Well lost my favorite fishy this afternoon. Really sucks cus I did everything I could to save...even though him dying was probably my fault in the first place T_T. He was my first betta too, bought him at petco. He was a sick little fish then just perked up and had tons of personality that I didn't know fish had! Even though he died I'm still glad I rescued him from petco and had such a funny little pet . Even though I'm having some issues keep fish alive at school...I swear there is something wrong with the stupid water >_< I'm gonna keep rescuing bettas from the pet stores and giving the best home I can


----------



## bettalover2033 (Feb 17, 2010)

Good job and R.I.P. Roxas!!


----------



## serenityroyal (Mar 8, 2010)

Oh I love your picture what a cute fishy ^^!!


----------



## nochoramet (Oct 2, 2009)

I'm sorry you lost him.

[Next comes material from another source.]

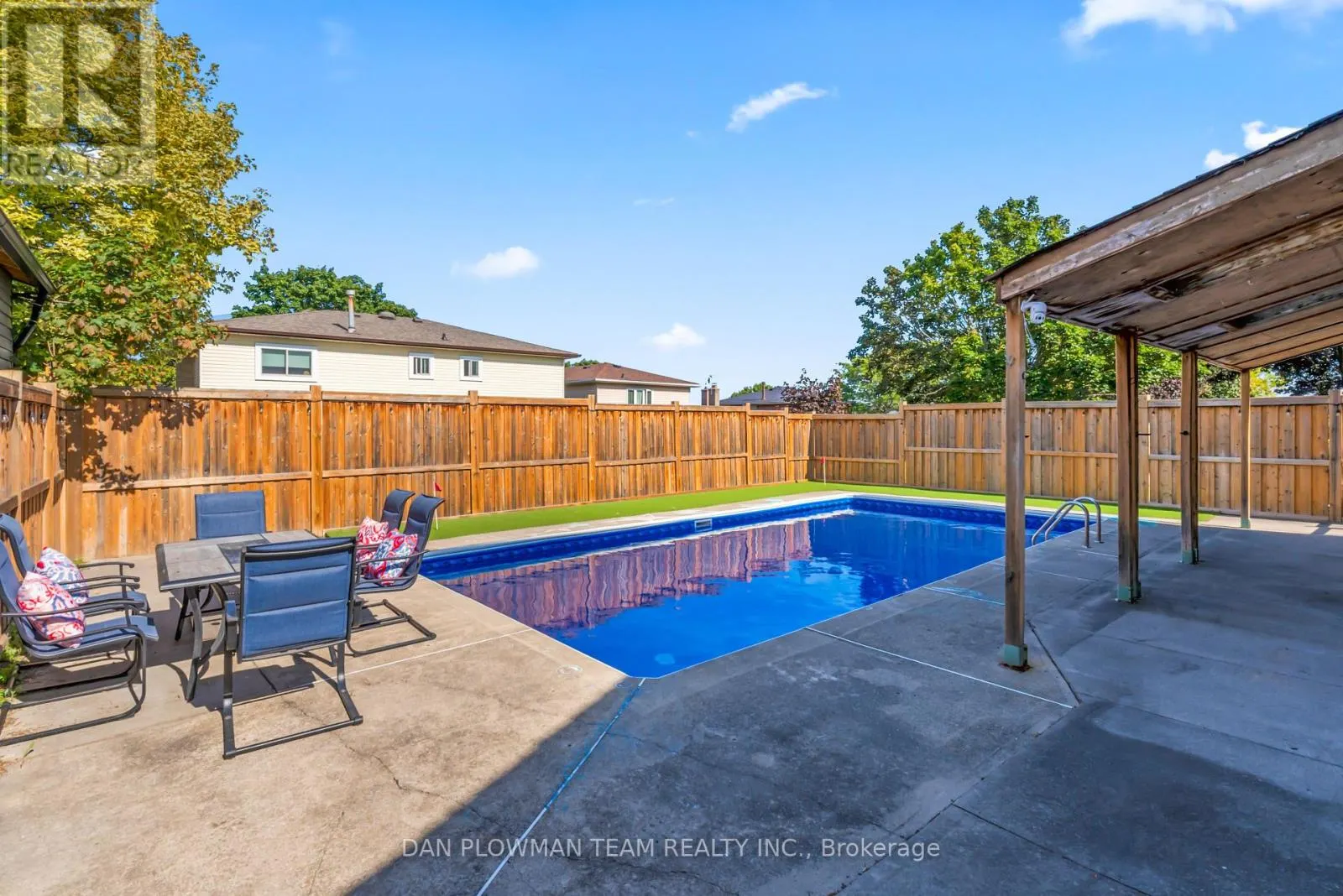3 HAWKSTONE CRESCENT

Sometimes there is nothing you can do, other than love them the time you have them. RIP Roxas.


----------



## dramaqueen (Jul 7, 2008)

I'm so sorry about Roxas.


----------



## serenityroyal (Mar 8, 2010)

Didn't know how much I'd miss the little guy  every time I came back from class, because he was at school with me, he'd swim up to the front of the tank and wiggle around like he was saying "Hi" and it's sad to see an empty tank on my desk with no fish in it


----------



## bettalover2033 (Feb 17, 2010)

serenityroyal said:


> Didn't know how much I'd miss the little guy  every time I came back from class, because he was at school with me, he'd swim up to the front of the tank and wiggle around like he was saying "Hi" and it's sad to see an empty tank on my desk with no fish in it


How did he die an how is he in school with you?


----------



## Kitty Whiskers (Sep 28, 2009)

Sorry to hear that your Betta Roxas died *Hugs* And yes you keep right on saving the fishies from the store that need a good home to save their lives!


----------



## serenityroyal (Mar 8, 2010)

Thank you fall all the comments guys  makes me feel lots better. I'm planning on going to the pet stores in my area this weekend and maybe rescuing some fish. I'm not looking to replace my first fish, but I do have two empty tanks now that could be lovely homes for some little bettas in need ^^


----------